In [None]:
# Load dataset
import pandas as pd
import numpy as np
from sklearn.model_selection import train_test_split

df = pd.read_csv('./data/TRAINING_DATA.txt', sep='\t', header=None)
df.columns = ['label', 'text']

# ⚡ Verify label mapping
print("Label distribution:\n", df['label'].value_counts())


In [None]:
# ⚡ Simplified preprocessing - remove clean_text step temporarily
# from nlp_utils import clean_text
# df['cleaned_text'] = df['text'].apply(clean_text)
df['cleaned_text'] = df['text']  # Bypass cleaning for debugging

In [None]:
# Split data properly
train_df, test_df = train_test_split(df, test_size=0.2, random_state=42)
train_df, val_df = train_test_split(train_df, test_size=0.2, random_state=42)

In [None]:
#  ⚡ Convert to HuggingFace Dataset
from datasets import Dataset
train_ds = Dataset.from_pandas(train_df[['cleaned_text', 'label']])
val_ds = Dataset.from_pandas(val_df[['cleaned_text', 'label']])
test_ds = Dataset.from_pandas(test_df[['cleaned_text', 'label']])

In [None]:
# ⚡ Spanish-optimized model
from transformers import AutoTokenizer, AutoModelForSequenceClassification

model_name = "dccuchile/distilbert-base-spanish-uncased"
tokenizer = AutoTokenizer.from_pretrained(model_name)

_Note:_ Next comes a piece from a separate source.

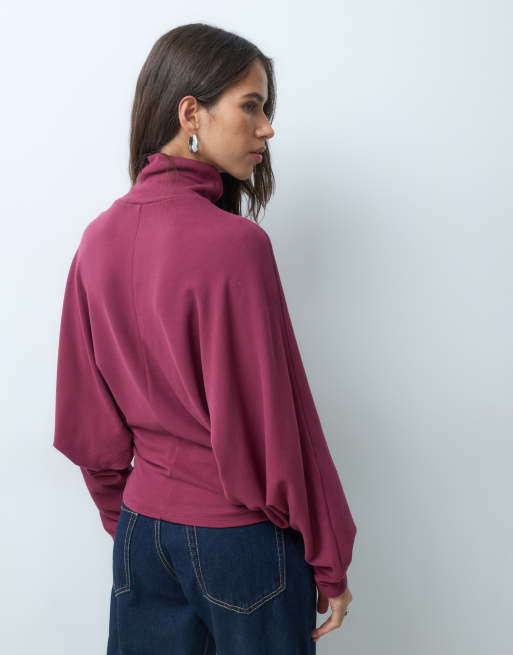 ASOS DESIGN top suave de cuello alzado drapeado y manga murciélago en rojo, 5 de 5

# ⚡ Batch tokenization with proper truncation
def tokenize_fn(batch):
    return tokenizer(
        batch['cleaned_text'],
        padding='max_length',
        truncation=True,
        max_length=256  # Increased from 200
    )

train_ds = train_ds.map(tokenize_fn, batched=True)
val_ds = val_ds.map(tokenize_fn, batched=True)
test_ds = test_ds.map(tokenize_fn, batched=True)

In [None]:
# ⚡ Format datasets for PyTorch
train_ds.set_format(type='torch', columns=['input_ids', 'attention_mask', 'label'])
val_ds.set_format(type='torch', columns=['input_ids', 'attention_mask', 'label'])
test_ds.set_format(type='torch', columns=['input_ids', 'attention_mask', 'label'])


In [None]:
# ⚡ Custom model with improved classifier head
from torch import nn
from transformers import DistilBertPreTrainedModel, DistilBertModel

class CustomDistilBert(DistilBertPreTrainedModel):
    def __init__(self, config):
        super().__init__(config)
        self.distilbert = DistilBertModel(config)
        self.dropout = nn.Dropout(0.2)
        self.classifier = nn.Sequential(
            nn.Linear(config.dim, 256),
            nn.ReLU(),
            nn.Linear(256, config.num_labels)
        )
        self.init_weights()

    def forward(self, **inputs):
        outputs = self.distilbert(**inputs)
        pooled = outputs.last_hidden_state[:, 0, :]
        pooled = self.dropout(pooled)
        return self.classifier(pooled)

model = CustomDistilBert.from_pretrained(model_name, num_labels=2)

In [None]:
# ⚡ Enhanced training arguments
from transformers import TrainingArguments, Trainer
from sklearn.metrics import accuracy_score, f1_score

def compute_metrics(pred):
    labels = pred.label_ids
    preds = pred.predictions.argmax(-1)
    return {
        'accuracy': accuracy_score(labels, preds),
        'f1': f1_score(labels, preds),
        'f1_macro': f1_score(labels, preds, average='macro')
    }

training_args = TrainingArguments(
    output_dir='./results',
    num_train_epochs=10,
    learning_rate=2e-5,
    per_device_train_batch_size=32,
    per_device_eval_batch_size=64,
    warmup_steps=100,
    weight_decay=0.01,
    evaluation_strategy='epoch',
    logging_strategy='epoch',
    save_strategy='epoch',
    load_best_model_at_end=True,
    metric_for_best_model='f1_macro',
    gradient_accumulation_steps=2,
    fp16=torch.cuda.is_available(),
    report_to="none"
)

In [None]:
# ⚡ Improved trainer setup
trainer = Trainer(
    model=model,
    args=training_args,
    train_dataset=train_ds,
    eval_dataset=val_ds,
    compute_metrics=compute_metrics
)

# Train
trainer.train()

In [None]:
# Final evaluation
test_results = trainer.evaluate(test_ds)
print("\nTest set performance:")
print(f"Accuracy: {test_results['eval_accuracy']:.4f}")
print(f"F1 Score: {test_results['eval_f1']:.4f}")
print(f"Macro F1: {test_results['eval_f1_macro']:.4f}")

In [None]:
# ⚡ Error analysis
import matplotlib.pyplot as plt
import seaborn as sns
from sklearn.metrics import confusion_matrix

preds = trainer.predict(test_ds)
y_true = preds.label_ids
y_pred = np.argmax(preds.predictions, axis=1)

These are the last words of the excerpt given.